If you've been reading this blog over the past several years, you know that in August I post a memorial piece about my father, my original personal connection to suicide, and my most motivating factor in my work in suicide prevention. My father died by suicide when he was 41 years old, after an adulthood spent struggling with bipolar illness and a prior suicide attempt. All these years later, I include these details as they have unfolded in how his story has been told here, and because they are the details of others who have died by suicide, too.
This post was supposed to be about how I'm in a really different place this year. That, inching up on almost two years after forever linking my son to my father through their names, I've made a different sort of peace with my father's absence from my life, as my son has come to take up so much room.
And then, almost exactly to the day and 26 years after my father—a man who, despite his truest wishes, was decidedly everyday—took his own life, one of the world's funniest, most famous, larger-than-life men seems to have done the same thing. And I find I'm not in much of a different place after all.
I'm feeling, acutely, the same push-pull experienced by others who've lost a loved one to suicide: The desire to be able to answer "Why?" and the deep knowledge that there is no answer that will be good enough. The undoneness, the gaping hole that cannot be filled even when your amazing life is at its most full, the restlessness.
Here I am, taken again by surprise. Mourning and in grief.
I have spent a lot of time lately wondering why I am not angry with my father for not living to meet my son. I was eight when my father died, so very early on, I had no illusions he would be a part of my life of milestones. In fact, I have had a "stepfather" (a term that doesn't suffice) who has cheered me on at graduations, walked me down the aisle, met my son on his first day of life. He has been more than enough.
What angers me is that depression doesn't discriminate. That my father and Robin Williams have a shared end.

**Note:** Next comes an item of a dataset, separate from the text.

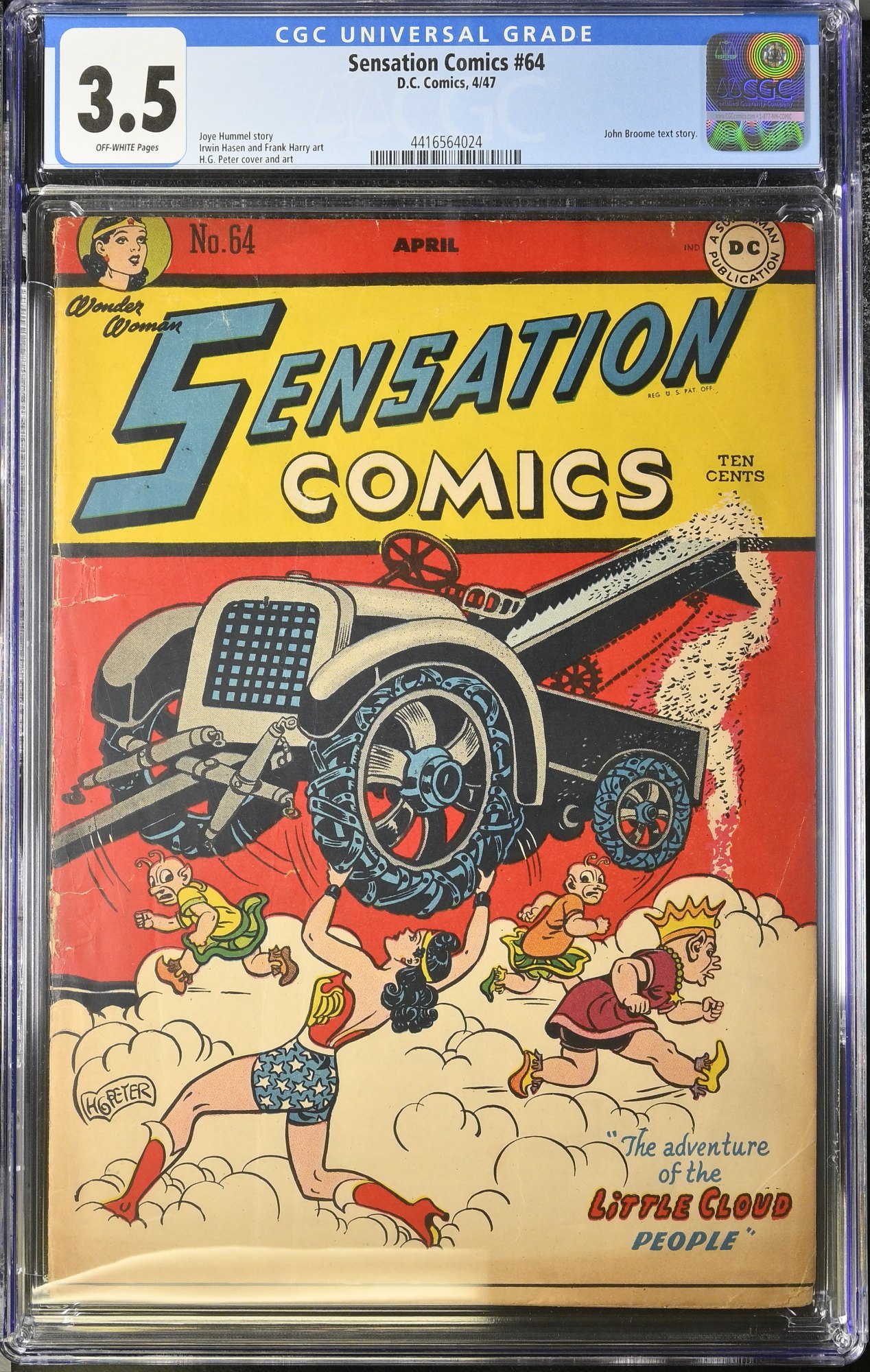 Image: Sensation Comics #64 CGC VG- 3.5 Off White Golden Age Wonder Woman!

What gives me hope is that, right now, the world seems on fire about depression. Those living each day in the suicide prevention world are urging those in need to get help, and the National Suicide Prevention Lifeline (1.800.273.8255) can be a first step. I'm seeing people who, two days ago, didn't have depression and suicide prevention on their radar, suddenly care—a lot—about it. What can the death of a man who made us laugh teach us? How can we make these memories for blessings? How can we be the light in the darkness?
Many of us who have lost loved ones to suicide work in some capacity to prevent other deaths by suicide. Often, it feels like the story of the starfish, gently tossing a lifeline to a struggling creature, hoping that each one really does count. Occasionally, it feels like a tsunami, like we're all swept up in a great wave that has the power to destroy us. And sometimes there is the feeling of relief that comes as the wave subsides, when you can stand in the water and see both the horizon and the shore and it is beautiful. At this moment, as it seems like the world is coming together around depression and suicide prevention, my wish is that we are incredibly, undeniably, successful in these pursuits. What more do we have to lose?